Une adaptation de l’organisation du travail des seniors
Le corps humain change et les capacités physiques diminuent invariablement avec le temps. Comment demander aux ouvriers qui ont les métiers les plus harassants d’allonger la durée de cotisation ? De repousser leur âge légal de la retraite ? Même M. Berger, secrétaire général de la CFDT, explique au micro de France Inter7 que l’allongement de cotisation entraînera des conséquences désastreuses, car de nombreux seniors ne sont pas en mesure de cotiser parce qu’ils sont en recherche d’emploi. Le report de l’âge légal de départ à la retraite annonce seulement un allongement de la souffrance pour toutes celles et ceux qui sont exclus du marché du travail.
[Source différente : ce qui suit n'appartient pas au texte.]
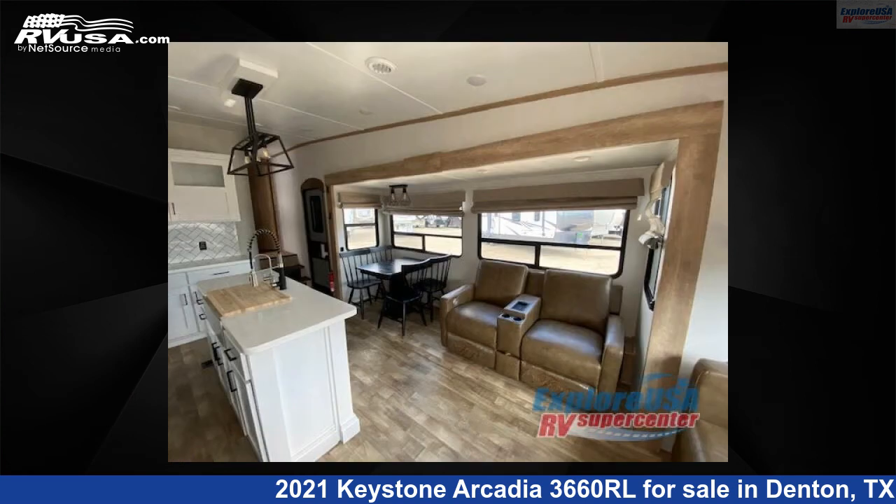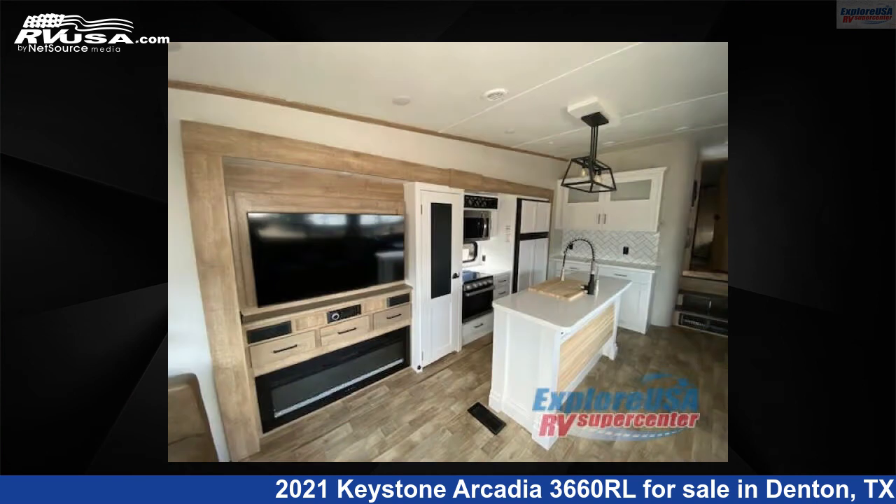For more information and pricing on this unit, and to see all units available for sale by ExploreUSA RV Supercenter, Denton, TX, visit RVUSA.com.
L’échec patent des offres financées par l’Etat comme les aides à l’embauche pour les plus de 45 ans, CDD seniors à partir de 57 ans, des périodes de mise en situation en milieu professionnel (PMSMP) pour les personnes éloignées de l’emploi, etc. ne permettent pas de réduire durablement le chômage des seniors.
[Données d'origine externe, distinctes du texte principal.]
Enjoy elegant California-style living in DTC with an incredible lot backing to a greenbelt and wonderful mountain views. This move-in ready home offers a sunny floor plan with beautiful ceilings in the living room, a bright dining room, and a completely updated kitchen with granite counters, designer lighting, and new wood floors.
Il existe différents leviers pour lutter contre cette injustice comme réduire le temps de travail minimum à salaire égal pour les métiers pénibles, de moduler la durée de cotisation pour certaines branches professionnelles, de proposer des formations pour monter en compétences vers des emplois plus qualifiés, d’adapter les postes de travail pour que chacun puisse s’épanouir, etc. Nous devons redorer l’honneur de celles et ceux qui représentent les chevilles ouvrières de notre société, qui ont métiers les plus durs, les plus exposé lors de la crise sanitaire, les plus exposé aux maladies professionnelles, les plus exposé à la pollution. Nous avons la mission de préserver nos aînés face aux ravages du libéralisme et du chômage de masse, nous devons faire société ensemble pour protéger celles et ceux qui ont construit notre présent.